**Exercise requirements**
The task calls for each record to be given again unchanged, minus any pictures.

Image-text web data
•••
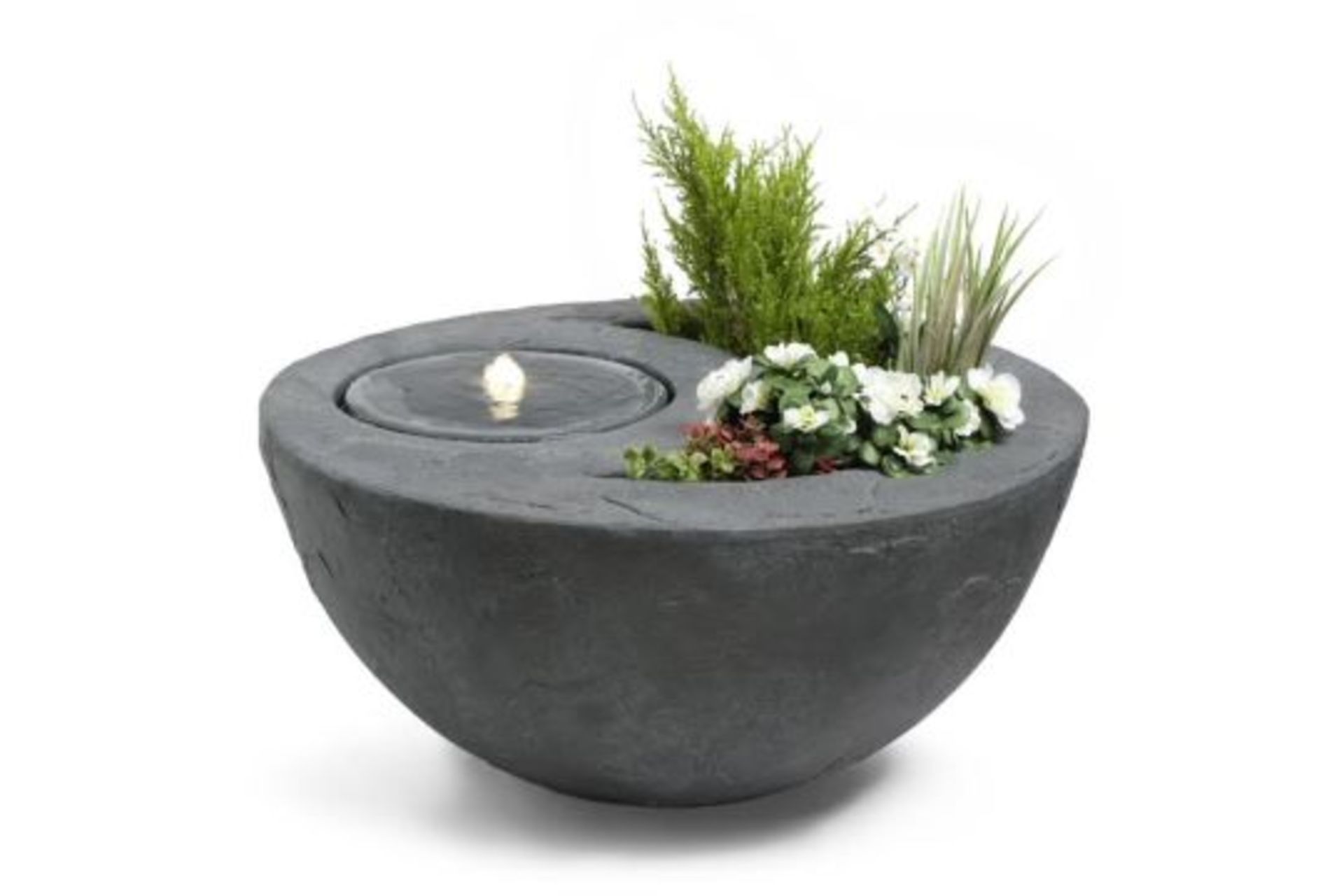 New & Boxed Dual Water Feature and Planter - Garden Bowl Design Planter, Indoor/Outdoor LED Lights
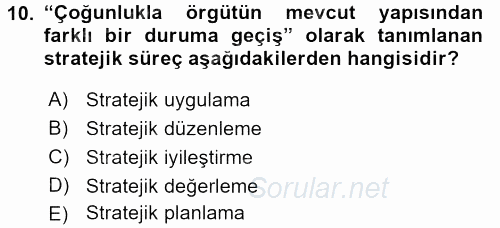 Kriz İletişimi Ve Yönetimi 2015 - 2016 Ara Sınavı 10.Soru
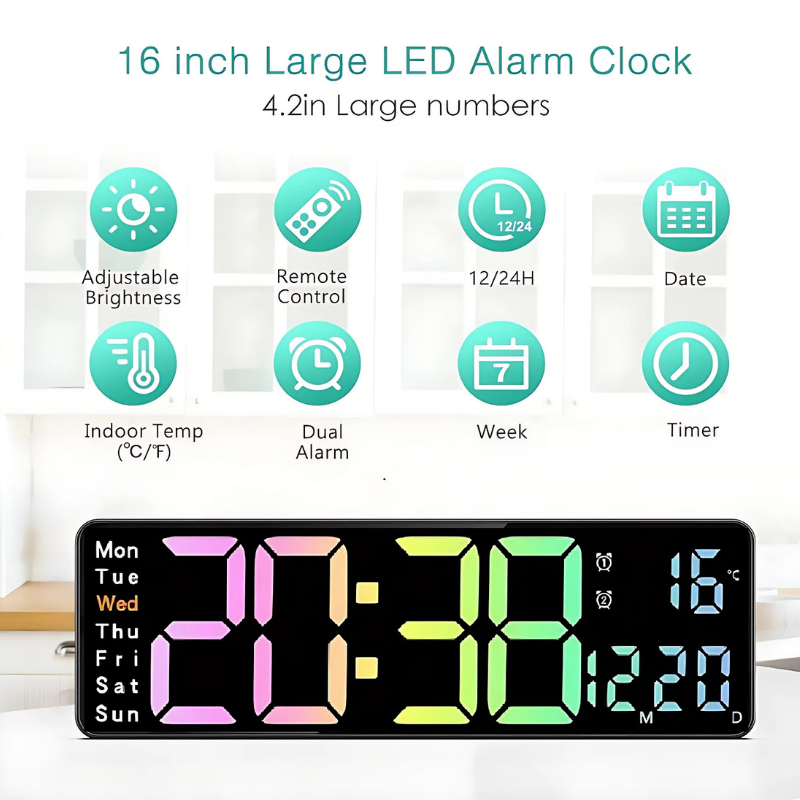 Globetrek° DigitalClock: Stor LED-skjerm Display Digital Klokke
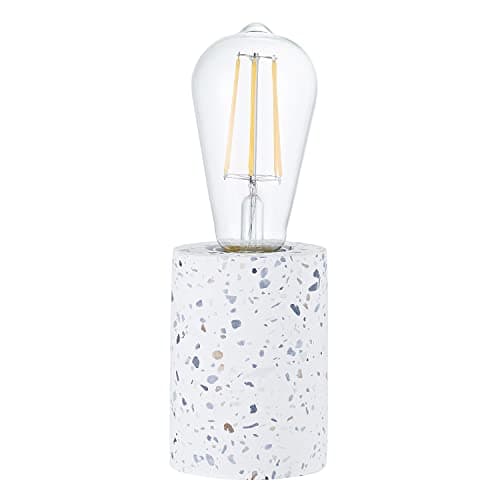 Image of Happy Homewares Modern and Unique White Mosaic Concrete Table Lamp for Vintage Industrial Feature Style Light Bulbs | 1 x E27 60w Maximum | 11cm x 8cm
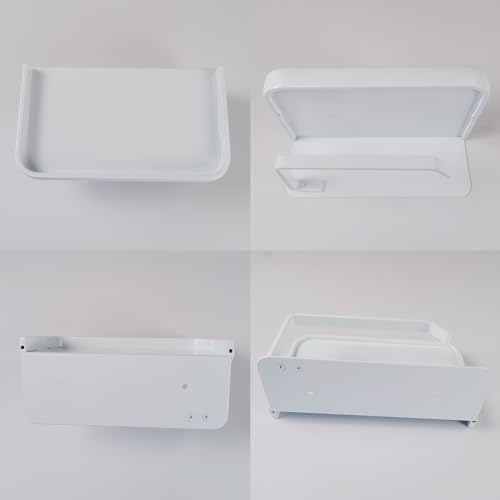 Toilet Paper Holder with Phone Shelf, Adhesive or Screw Wall Mount Toilet Tissue Roll Holder-White - color: White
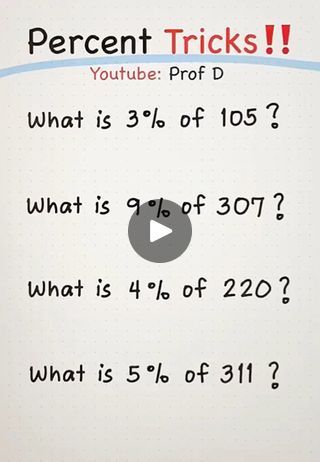 385K views · 12K reactions | Very Useful Percentage Tricks - SUPER FAST AND EASY! | Very Useful Percentage Tricks - SUPER FAST AND EASY! | By Prof D | Facebook Percentages Math Trick, Percentage Tricks, Simplifying Rational Expressions, Percentages Math, Math Tips, Mobile Code, Teaching Math Strategies, Cool Math Tricks, Math Genius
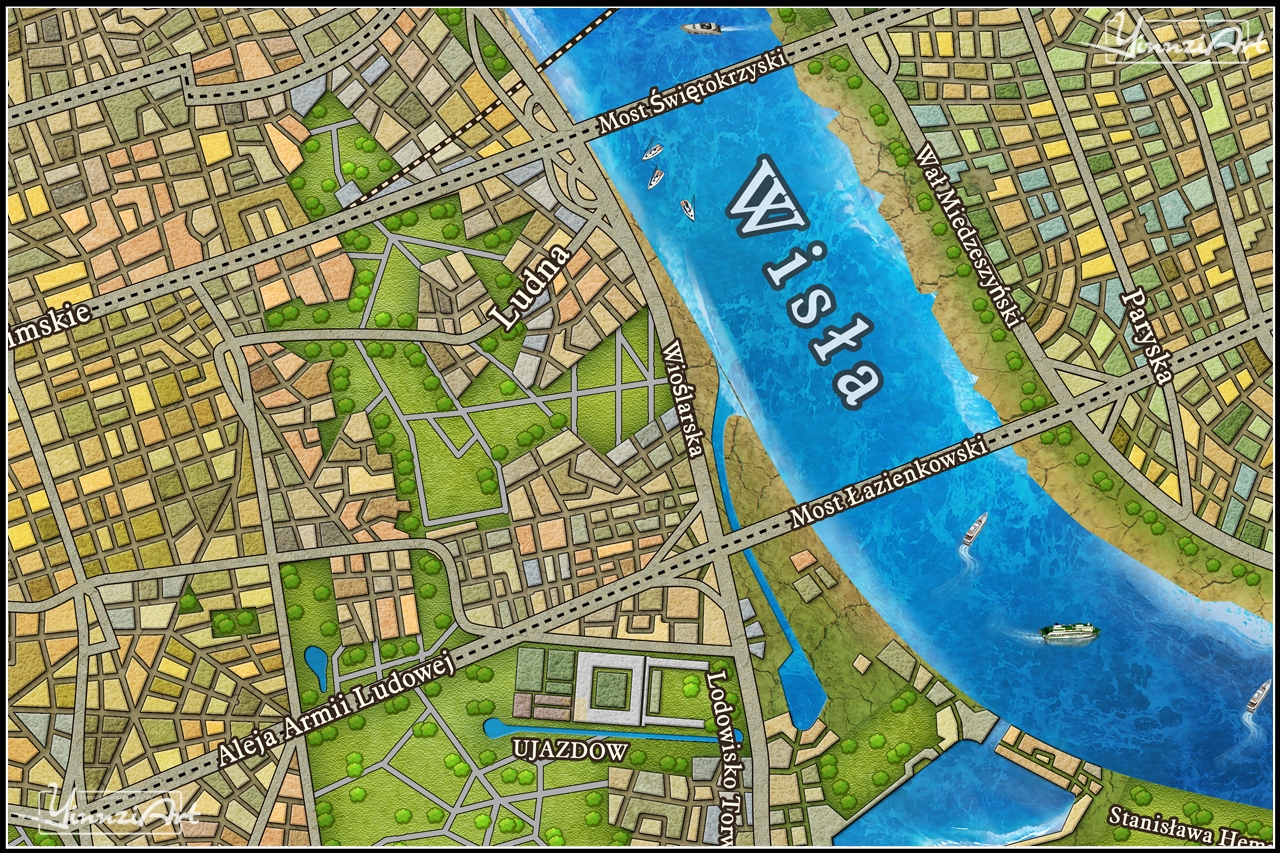 Illustration，Original painting，Game original，City illustration，Map，poster，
•••
**Solution to the problem**
 New & Boxed Dual Water Feature and Planter - Garden Bowl Design Planter, Indoor/Outdoor LED Lights
 Kriz İletişimi Ve Yönetimi 2015 - 2016 Ara Sınavı 10.Soru
 Globetrek° DigitalClock: Stor LED-skjerm Display Digital Klokke
 Image of Happy Homewares Modern and Unique White Mosaic Concrete Table Lamp for Vintage Industrial Feature Style Light Bulbs | 1 x E27 60w Maximum | 11cm x 8cm
 Toilet Paper Holder with Phone Shelf, Adhesive or Screw Wall Mount Toilet Tissue Roll Holder-White - color: White
 385K views · 12K reactions | Very Useful Percentage Tricks - SUPER FAST AND EASY! | Very Useful Percentage Tricks - SUPER FAST AND EASY! | By Prof D | Facebook Percentages Math Trick, Percentage Tricks, Simplifying Rational Expressions, Percentages Math, Math Tips, Mobile Code, Teaching Math Strategies, Cool Math Tricks, Math Genius
 Illustration，Original painting，Game original，City illustration，Map，poster，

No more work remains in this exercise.